Quello strano razzismo a senso unico

Massimo Introvigne

Il rettore della moschea di Parigi, l'imam Dalil Boubakeur, è un uomo pieno di problemi. Presentato dal governo francese come «il rappresentante dell'islam in Francia», è regolarmente attaccato dagli imam delle periferie come infeudato a Chirac, ed è sospettato dai fondamentalisti di essere legato ai servizi segreti algerini. Non lo si è mai sentito criticare né il governo francese né un dittatore nordafricano.

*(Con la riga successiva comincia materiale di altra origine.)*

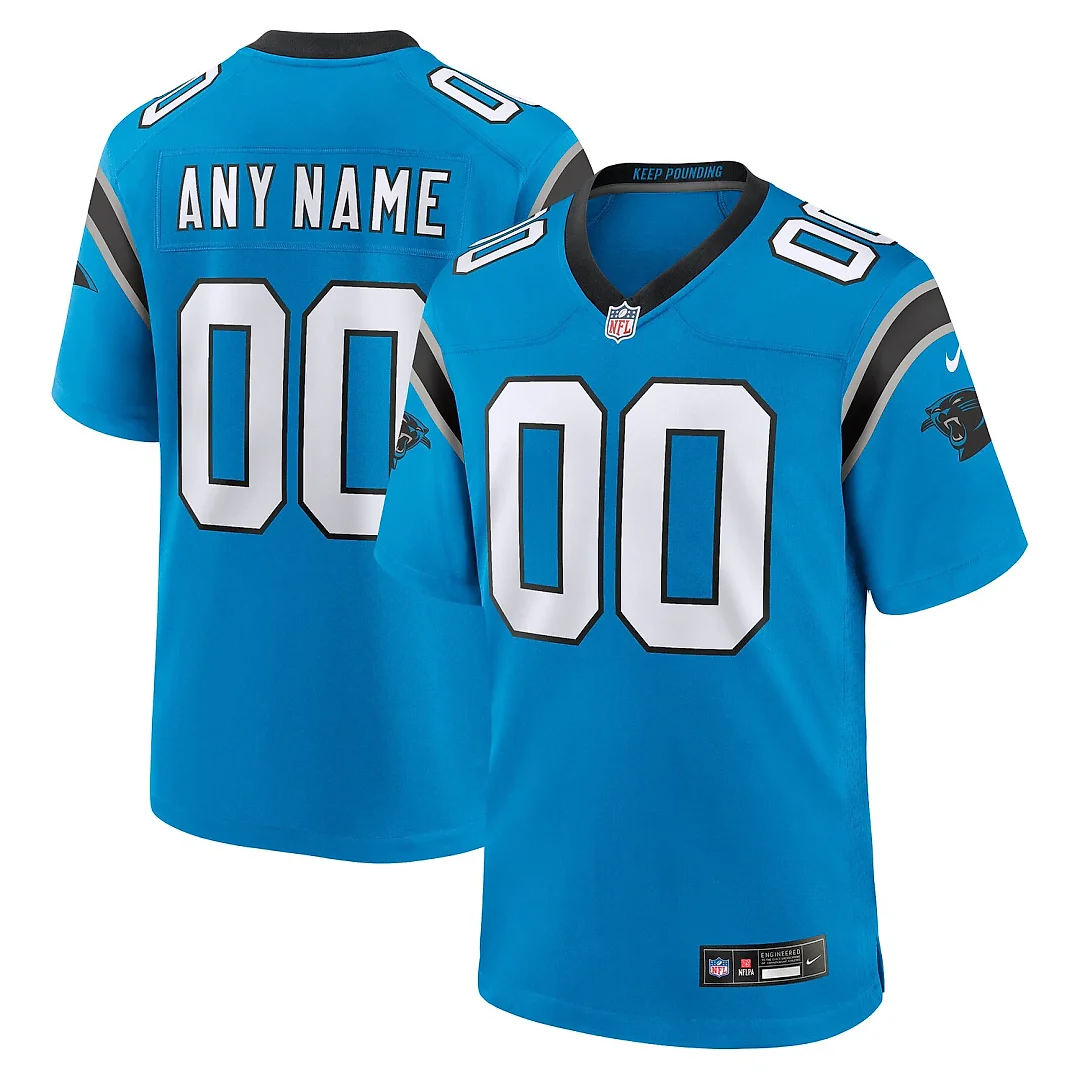 Zennovawear Carolina Panthers Alternate Custom Game Jersey - Blue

Oggi Boubakeur cerca di riconquistare la credibilità perduta lanciando quella che nei toni e nei concetti - anche se non nella forma giuridica - è una vera e propria fatwa contro il calciatore italiano Marco Materazzi, cui nella finale mondiale l'idolo del calcio francese, il musulmano Zinedine Zidane, ritenendosi insultato, ha rifilato una vergognosa testata, finendo giustamente espulso. Secondo il comunicato dell'imam Boubakeur, «tutti i musulmani di Francia sono solidali con Zidane e preoccupati. Nella prova, la Moschea di Parigi offre il suo sostegno fraterno e la sua ammirazione affettuosa a Zidane, degno figlio della comunità musulmana». Nelle interviste, Boubakeur ha parlato, con riferimento ai pretesi insulti di Materazzi, di «cancrena razzista che deve essere estirpata».
Come ha rilevato il quotidiano Le Figaro, Boubakeur non ha parlato a titolo personale né come tifoso di calcio e il comunicato della Moschea di Parigi «sposta il problema su un piano completamente diverso». Espone il malcapitato Materazzi, se non i calciatori italiani in genere, a reazioni che potrebbero non limitarsi alle semplici parole.

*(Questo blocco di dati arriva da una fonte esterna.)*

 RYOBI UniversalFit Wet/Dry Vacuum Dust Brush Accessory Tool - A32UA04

Come si sa, non è chiaro che cosa abbia detto Materazzi a Zidane. L'espressione «terrorista» è stata attribuita al nostro difensore dai tabloid inglesi. Materazzi nega e Zidane stesso non conferma. Se si tratta di insulti generici, è inutile che l'imam si ecciti. Diversi giocatori dell'eccellente nazionale turca - alcuni dei quali si professano devoti musulmani - hanno subito pesanti sanzioni per avere aggredito a insulti e calci i calciatori svizzeri che li avevano appena eliminati dai mondiali. E dal basket americano alla pallavolo lo scambio di ingiurie in campo è un'abitudine comune: deplorevole, certo, ma che non c'entra con gli imam e la religione.

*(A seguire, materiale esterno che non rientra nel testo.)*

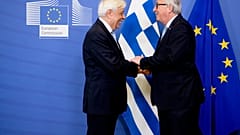 Σε εξαιρετικό κλίμα η συνάντηση Παυλόπουλου-Γιούνκερ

Ma anche se Materazzi avesse veramente dato del «terrorista» a Zidane, ci sarebbero da fare due commenti. Il primo è che il «razzismo» non dovrebbe riguardare solo certe «categorie protette»: dire «italiano mafioso» non è meno razzista che dire «musulmano terrorista». Schiere di calciatori italiani possono attestare di essere stati insultati, anche in questo mondiale, come «mafiosi». Non hanno reagito a testate. Il secondo commento è che l'islam, anche quello «moderato», ha un problema dottrinale da risolvere. La civiltà giuridica occidentale ha imparato a distinguere la violenza verbale da quella fisica. Se uno mi dice una parolaccia e io lo riempio di botte mandandolo all'ospedale, avrò forse l'attenuante della provocazione ma sarò io ad andare in prigione. Come si è visto nel caso delle vignette danesi, dai meandri del diritto islamico emergono invece risposte diverse. Se si insulta un musulmano in quanto tale, la violenza e perfino l'assassinio sono considerati meno gravi della provocazione verbale o scritta, anzi sono doverosi.

È di questi cascami di un diritto d'altri tempi che l'islam deve trovare la forza di liberarsi, proprio se vuole che la giusta distinzione fra i molti musulmani non violenti e i pochi terroristi diventi parte dell'opinione comune.